# Bow fishing?



## hound dog (May 18, 2011)

I have never been and like to try it. Is there any one close to me that would be so kind to take me and show the ropes?

Thanks Jody
McDonough GA.


----------



## j_seph (May 18, 2011)

hound dog said:


> I have never been and like to try it. Is there any one close to me that would be so kind to take me and show the ropes?
> 
> Thanks Jody
> McDonough GA.


 I am in North GA around Lanier, may be too far for you but would be glad to let ya go with us one night. We ain't pros by no means


----------



## Gaducker (May 18, 2011)

If you find yourself near West point you can go with us.


----------



## FULL_DRAW (May 19, 2011)

Is oconee too far for ya? If not.....PM me. I go a about every weekend.


----------



## TBass (May 19, 2011)

I'm on Benning and the daytime would be great here on the Hooch if you have a boat.  I have two bows and plenty of extra arrows.  The longnose have been rolling like crazy (just out of shooting from the bank range).  Lots and lots of HUGE longnose have been rolling I might add.


----------



## j_seph (May 19, 2011)

TBass said:


> I'm on Benning and the daytime would be great here on the Hooch if you have a boat. I have two bows and plenty of extra arrows. The longnose have been rolling like crazy (just out of shooting from the bank range). Lots and lots of HUGE longnose have been rolling I might add.


 We seen em that day we were catching skips. Of course our bows were in the truck. Heck look ole Brother hilljack up on here. He's stationed down there and got a 24ft boatHe needs to try it anyways


----------



## hound dog (May 20, 2011)

FULL_DRAW said:


> Is oconee too far for ya? If not.....PM me. I go a about every weekend.



What side of oconee I would go up 20 by Kerry Station. Do you know where that is?


----------



## jerry russell (May 20, 2011)

hound dog said:


> I have never been and like to try it. Is there any one close to me that would be so kind to take me and show the ropes?
> 
> Thanks Jody
> McDonough GA.



I am in McDonough too. Do you have a set-up bow? We are about to kick off the season.


----------



## hound dog (May 21, 2011)

jerry russell said:


> I am in McDonough too. Do you have a set-up bow? We are about to kick off the season.



No but I have a bow that can be set up if needed.
 in 4 to 5 shipping days.


----------



## FULL_DRAW (May 21, 2011)

hound dog said:


> What side of oconee I would go up 20 by Kerry Station. Do you know where that is?



Yea i know where that is. I usually put in @ sugar creek and go from there. water is usually clearer on down the lake.


----------



## hound dog (May 21, 2011)

Ok just got done ordering my rig for my bow should be ready by next weekend


----------



## FULL_DRAW (May 22, 2011)

hound dog said:


> Ok just got done ordering my rig for my bow should be ready by next weekend



What kind of set-up did ya get?


----------



## fredw (May 22, 2011)

FULL_DRAW said:


> Yea i know where that is. I usually put in @ sugar creek and go from there. water is usually clearer on down the lake.

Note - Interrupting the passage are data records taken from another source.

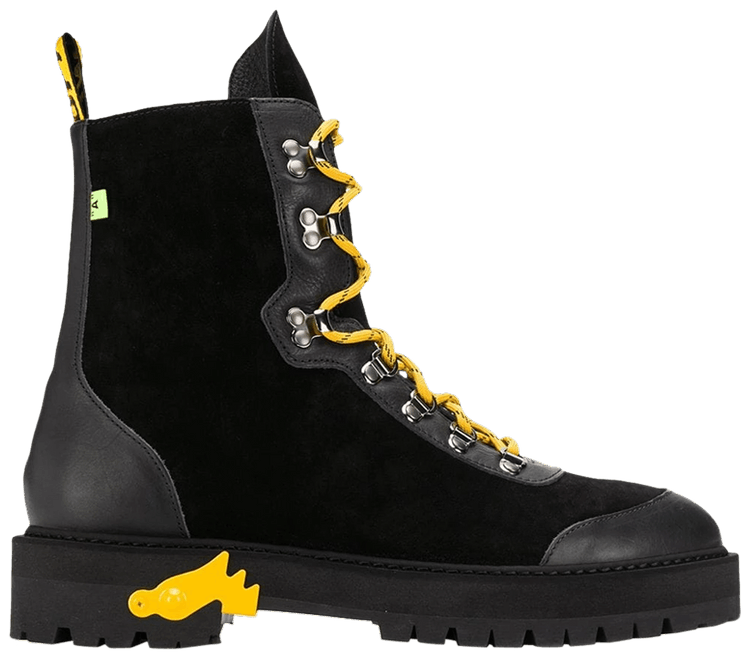 Buy Off-White Hiking Boot 'Black' - OMIA121E19D68002 1000 | GOAT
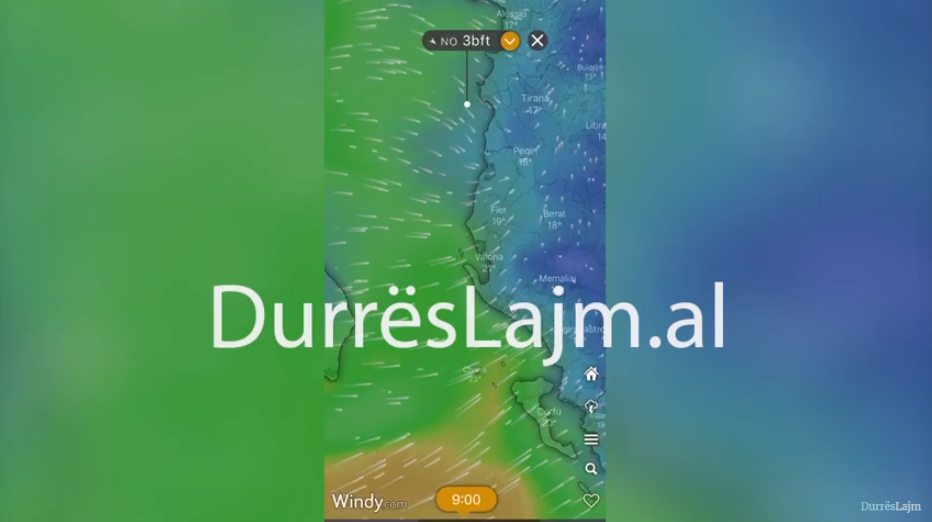 Durrësi 4 ditë nën “darën” e motit të keq, sinoptikani grek paralajmëron për të shtunën (VIDEO)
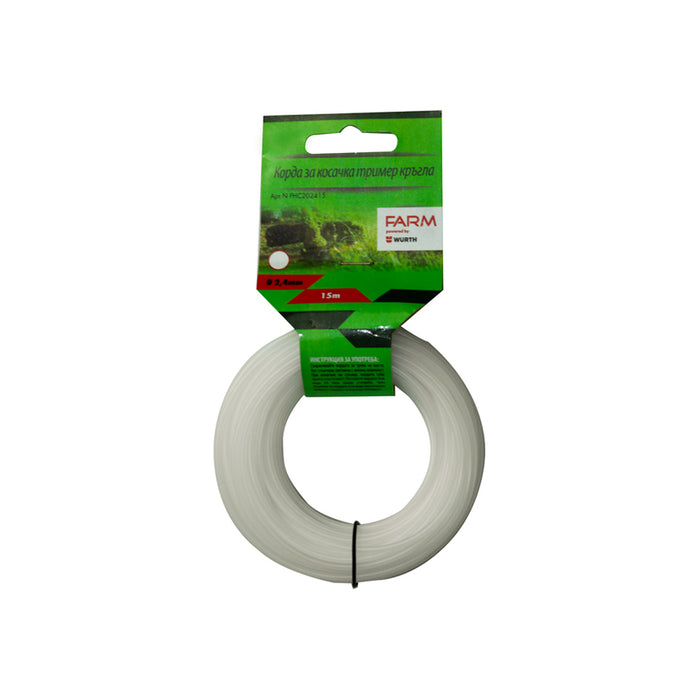 CORD FOR TRIMMER PROFILE CIRCLE FARM 2.4 MM-15 M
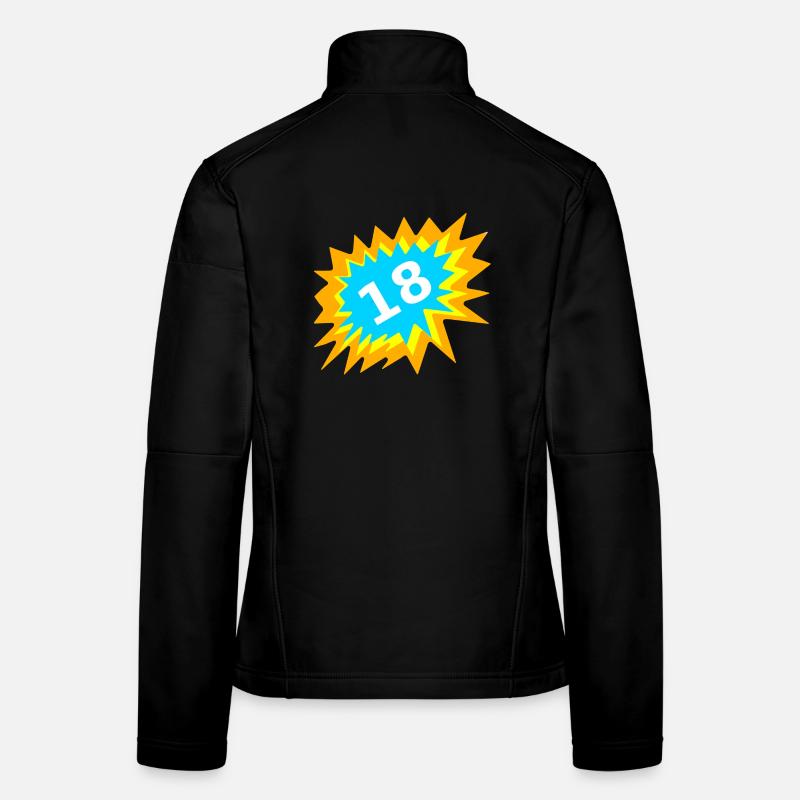 beste geschenkidee, 18 bunt Frauen Softshelljacke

Full Draw, did you put in at Sugar Creek Friday about dark?  We were taking out and saw a nice looking bow fishing rig pulling in.


----------



## hound dog (May 22, 2011)

FULL_DRAW said:


> What kind of set-up did ya get?



Looks like the same one you got on your bow.

AMSBowfishing® Retriever Pro Bowfishing Reel Combo Kit

Will that be ok?

You dont live far from me if you are in Oxford.


----------



## FULL_DRAW (May 23, 2011)

hound dog said:


> Looks like the same one you got on your bow.
> 
> AMSBowfishing® Retriever Pro Bowfishing Reel Combo Kit
> 
> ...



Sounds good! That will work just fine!!

I will shoot ya a PM next time I go.


----------



## TBass (May 23, 2011)

j_seph said:


> We seen em that day we were catching skips. Of course our bows were in the truck. Heck look ole Brother hilljack up on here. He's stationed down there and got a 24ft boatHe needs to try it anyways



I PMed him.  I just so happened to follow him through Sand Hill on my way home for lunch.  We'll see if he is interested.


----------



## FULL_DRAW (May 23, 2011)

fredw said:


> Full Draw, did you put in at Sugar Creek Friday about dark?  We were taking out and saw a nice looking bow fishing rig pulling in.



Yes Sir. That was me. 

It was a slow night to say the least!


----------



## fredw (May 23, 2011)

FULL_DRAW said:


> Yes Sir. That was me.
> 
> It was a slow night to say the least!


Two of my son's friends bowfished on Thursday night.  They had a slow night also.


----------



## hound dog (May 23, 2011)

Man I can't wait till my rig for my bow gets here I'm pumped up.

I'm sure after a few times getting my feet wet I'll building a boat this winter.


----------



## FULL_DRAW (May 23, 2011)

hound dog said:


> Man I can't wait till my rig for my bow gets here I'm pumped up.
> 
> I'm sure after a few times getting my feet wet I'll building a boat this winter.



It is addicting brother!!!!


----------



## TBass (May 23, 2011)

That's an understatement!  Man! I have hunted and fished my whole life, built all kinds of race cars and hot rods, restored muscle cars, and even rode bulls for a few years and bowfishing STILL takes the cake!  I get gar fever like most people get buck fever!  I've been "all in" from day one, (and "day one" I never even stuck a fish).


----------



## hound dog (May 24, 2011)

As you know my rig for my bow should be here any day so now I have a question. Ok peep and sight or no sight and no peep now what about lbs set the bow at and what about the rest just eye ball it? So I guess how should I se it up?


----------



## killitgrillit (May 24, 2011)

no sights, 40lbs and you need a good solid rest for the heavy arrow. I have one at the shop if you come over this weekend.


----------



## hound dog (May 24, 2011)

killitgrillit said:


> no sights, 40lbs and you need a good solid rest for the heavy arrow. I have one at the shop if you come over this weekend.



I have every thing on the way I hope is what I need. but if not I'll give you a call. Thanks.


----------



## hound dog (May 26, 2011)

Ok it came in and its all on my bow and ready to go. Now just need someone to take me ans show me the ropes a few times. PLEASE.

FULL DRAW you ready Fri. night?


----------



## hound dog (Jun 6, 2011)

I think I'm open fri night if someone has room for one I'm a small guy dont need much room.


----------